I. Consideration of Relocation Factors
[13] Generally, Indiana Code section 31-17-2.2-1 (“the Relocation Statute”) requires a relocating party to provide notice to the non-relocating party of certain information relevant to the relocation prior to the relocation. See I.C. § 31-17-2.2-3. In response to the notice, the non-relocating party, in addition to a request to restrain the relocation of a child, may request modification of the current order of custody, parenting time, and child support. See I.C. § 31-17-2.2-5. A relocating party is exempt from filing a notice of intent to relocate if the relocation does not result in an increase of more than twenty miles between the relocating party and non-relocating party's residences and will allow the child to remain enrolled in the child's current school. I.C. § 31-17-2.2-1(b)(2)(B). Father does not challenge the trial court's finding that Mother was exempt from providing Father notice of her intent to relocate or the denial of Father's request to enjoin or restrain the Child from relocating with Mother. Father only appeals the trial court's denial of his request to modify custody, parenting time, and child support because of the relocation.
[14] The Relocation Statute provides that “[t]he court's authority to modify a custody order, parenting time order, grandparent visitation order, or child support order is not affected by the fact that a relocating individual is exempt from the requirement to file a notice of relocation by subsection (b).” I.C. § 31-17-2.2-1(c). Therefore, Father's Petition was properly before the trial court for consideration. Next, the Relocation Statute provides that a trial court shall take into account the following factors determining whether to modify custody, parenting time, or support due to a child's relocation:
(1) The distance involved in the proposed change of residence.
(2) The hardship and expense involved for the nonrelocating individual to exercise parenting time or grandparent visitation.
(3) The feasibility of preserving the relationship between the nonrelocating individual and the child through suitable parenting time and grandparent visitation arrangements, including consideration of the financial circumstances of the parties.

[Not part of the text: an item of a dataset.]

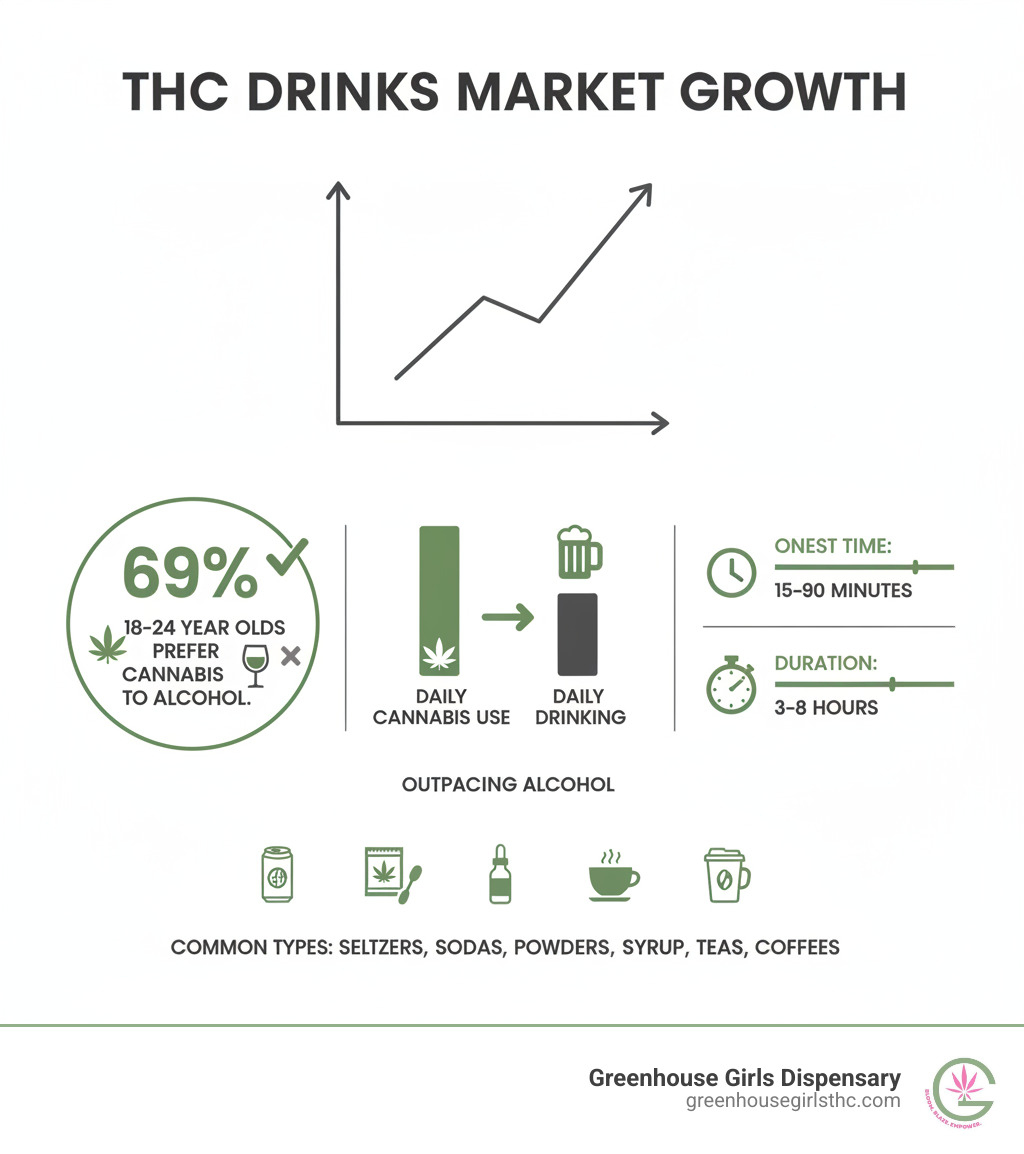 Infographic showing the growth of THC drinks market, key statistics including 69% of 18-24 year olds preferring cannabis to alcohol, daily cannabis use outpacing drinking, onset times of 15-90 minutes, duration of 3-8 hours, and common types of THC beverages available - thc drinks infographic Infographic showing the growth of THC drinks market, key statistics including 69% of 18-24 year olds preferring cannabis to alcohol, daily cannabis use outpacing drinking, onset times of 15-90 minutes, duration of 3-8 hours, and common types of THC beverages available - thc drinks infographic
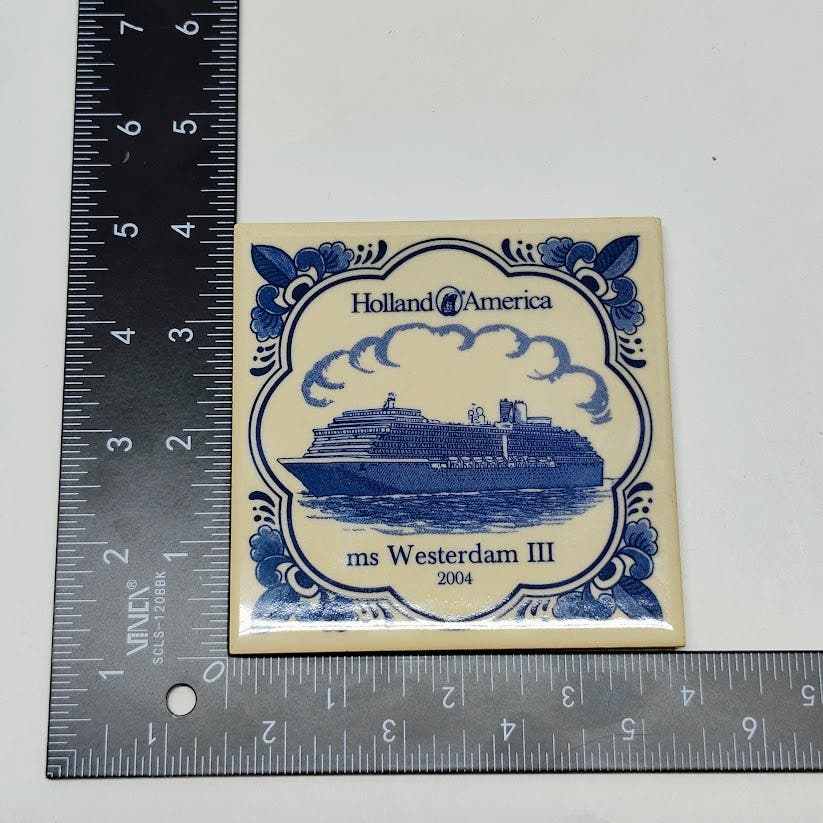 Set of 4 Delft Blue ceramic coasters W/ Cork Back 3 W/ COA Westerdam III 2004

(4) Whether there is an established pattern of conduct by the relocating individual, including actions by the relocating individual to either promote or thwart a nonrelocating individual's contact with the child.
(5) The reasons provided by the:
(A) relocating individual for seeking relocation; and
(B) nonrelocating parent for opposing the relocation of the child.
(6) Other factors affecting the best interest of the child.
I.C.§ 31-17-2.2-1(c) (“the Relocation Factors”).
[15] Father argues that the trial court erred because it failed to consider the Relocation Factors in evaluating the Petition. Specifically, Father argues that the trial court failed to consider: (1) the hardship and expense involved for Father to exercise parenting time with the Child (“the Parenting Time Factor”); (2) the feasibility of preserving Father and the Child's relationship through suitable parenting time (“the Relationship Factor”); and (3) Mother's established patterns of conduct to facilitate or thwart Father and the Child's relationship (“the Conduct Factor”).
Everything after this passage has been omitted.